Wszyscy byliśmy bardzo podekscytowani. Miała to być nasza pierwsza psychodeliczna podróż z prawdziwego zdarzenia. Raz już zostaliśmy oszukani - zamiast kwasa dostaliśmy pusty kartonik. Na grzyby nie było jeszcze sezonu. Jednak gdy dostaliśmy z bardzo zaufanego źródła psychodelik, o którym wtedy wiedzieliśmy tylko tyle, że działanie ma porównywalne do LSD i grzybków halucynogennych, wiedzieliśmy, że niedługo nastąpi to, na co długo czekaliśmy.
Nadszedł ten dzień. Wraz z M. poszliśmy do mieszkania jej chłopaka, T.. T. poczęstował nas herbatą i powoli zaczęliśmy przymierzać się do przyjęcia substancji.
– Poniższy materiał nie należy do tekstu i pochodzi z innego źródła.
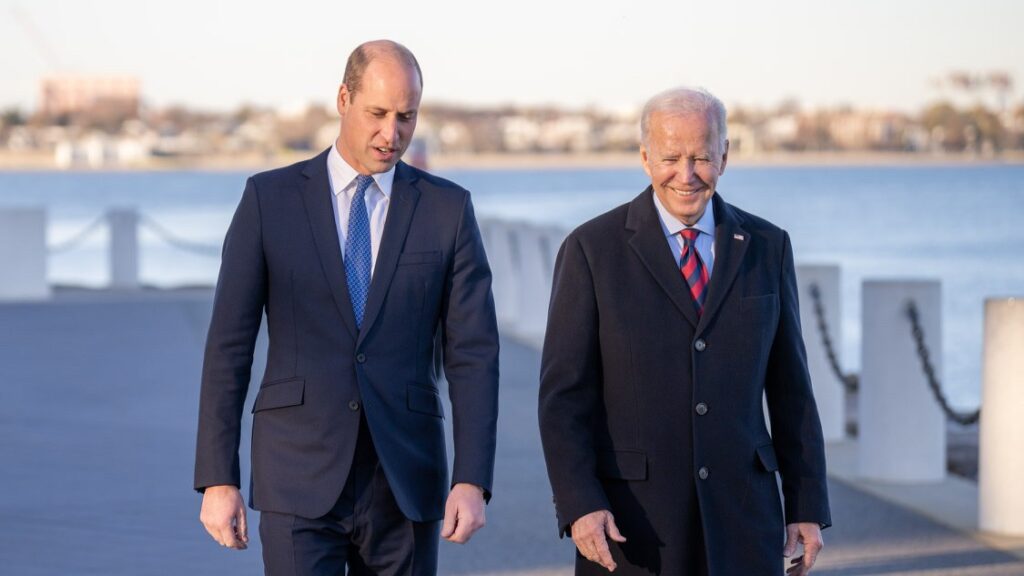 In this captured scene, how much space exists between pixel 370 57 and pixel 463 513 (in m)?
1.13

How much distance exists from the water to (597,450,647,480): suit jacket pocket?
442 inches

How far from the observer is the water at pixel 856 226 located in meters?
25.9

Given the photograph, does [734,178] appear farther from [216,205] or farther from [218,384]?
[218,384]

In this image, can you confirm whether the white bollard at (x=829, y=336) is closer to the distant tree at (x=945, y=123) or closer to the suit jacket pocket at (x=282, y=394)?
the suit jacket pocket at (x=282, y=394)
Każdy z nas wyciszył się na 5 minut, odpowiednio przygotowując swój umysł do dalekiej podróży. Nadałem temu tripowi intencję, coś, czego pragnąłem się dowiedzieć z tego doświadczenia, alej nie chcę o tym pisać bo intencja jest zbyt osobista. Substancja wyglądała bardzo niepozornie - dosłownie szczypta białego, sypkiego proszku. Każdy z nas dokładnie nasypał zawartość na łyżeczkę, wylizał woreczek, następnie całość wsypał na/pod język. Myślałem że będzie gorsze - bardzo gorzkie w smaku, ale dało się wytrzymać. Zegarek pokazywał parę minut po 14. Po dwóch minutach popiliśmy wodą, puściliśmy nastrojową muzykę i położyliśmy na łóżku oczekując czegoś niesamowitego.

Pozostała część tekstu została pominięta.